### [Source records]
+ + +

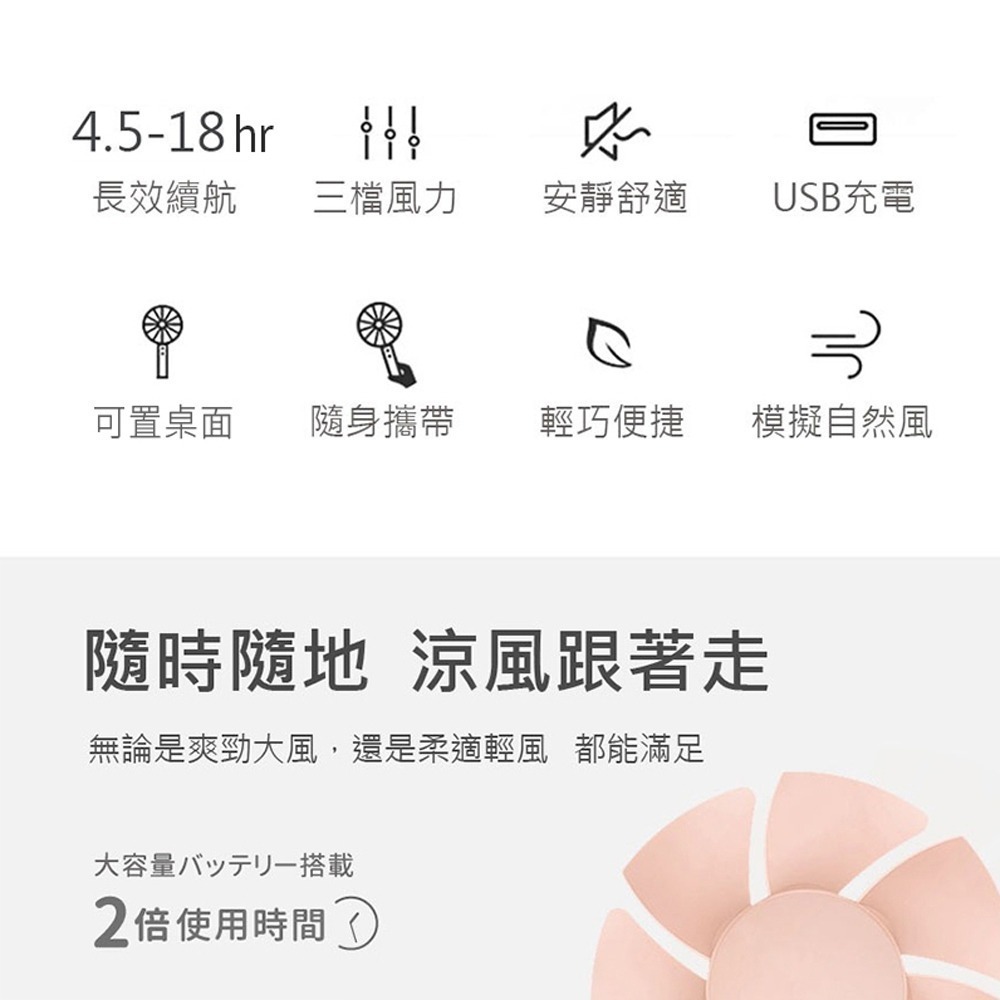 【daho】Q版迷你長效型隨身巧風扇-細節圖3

+ + +

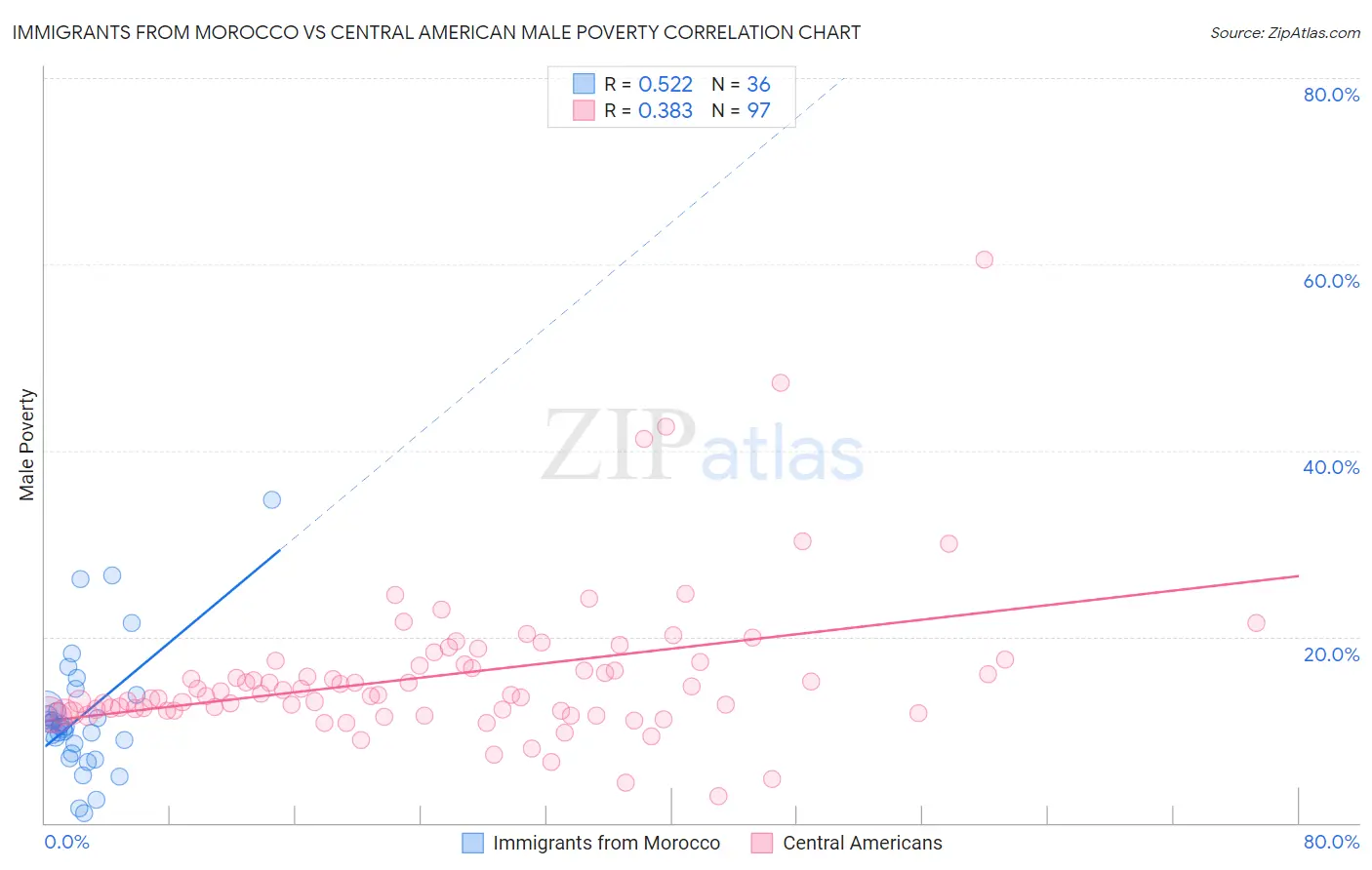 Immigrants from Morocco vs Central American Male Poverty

+ + +

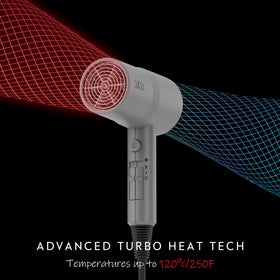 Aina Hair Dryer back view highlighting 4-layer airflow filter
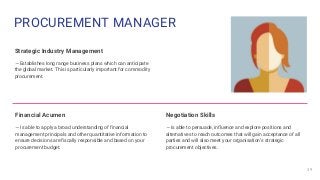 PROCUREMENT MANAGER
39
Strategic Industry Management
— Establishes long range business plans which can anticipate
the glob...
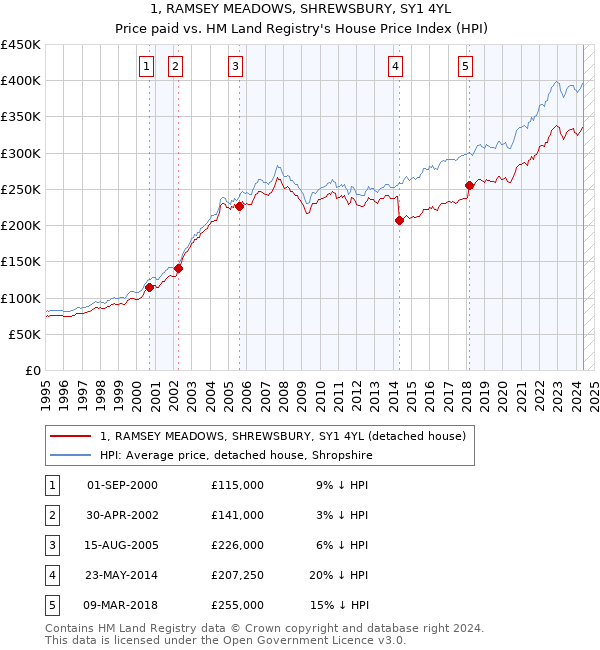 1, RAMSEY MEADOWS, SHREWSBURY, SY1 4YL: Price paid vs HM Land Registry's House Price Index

+ + +

### [To do]
Without the pictures, give again exactly the lines above starting at the line containing "PROCUREMENT MANAGER" and ending at the line containing "1, RAMSEY MEADOWS, SHREWSBURY, SY1".

### [Finished exercise]
 PROCUREMENT MANAGER
39
Strategic Industry Management
— Establishes long range business plans which can anticipate
the glob...
 1, RAMSEY MEADOWS, SHREWSBURY, SY1 4YL: Price paid vs HM Land Registry's House Price Index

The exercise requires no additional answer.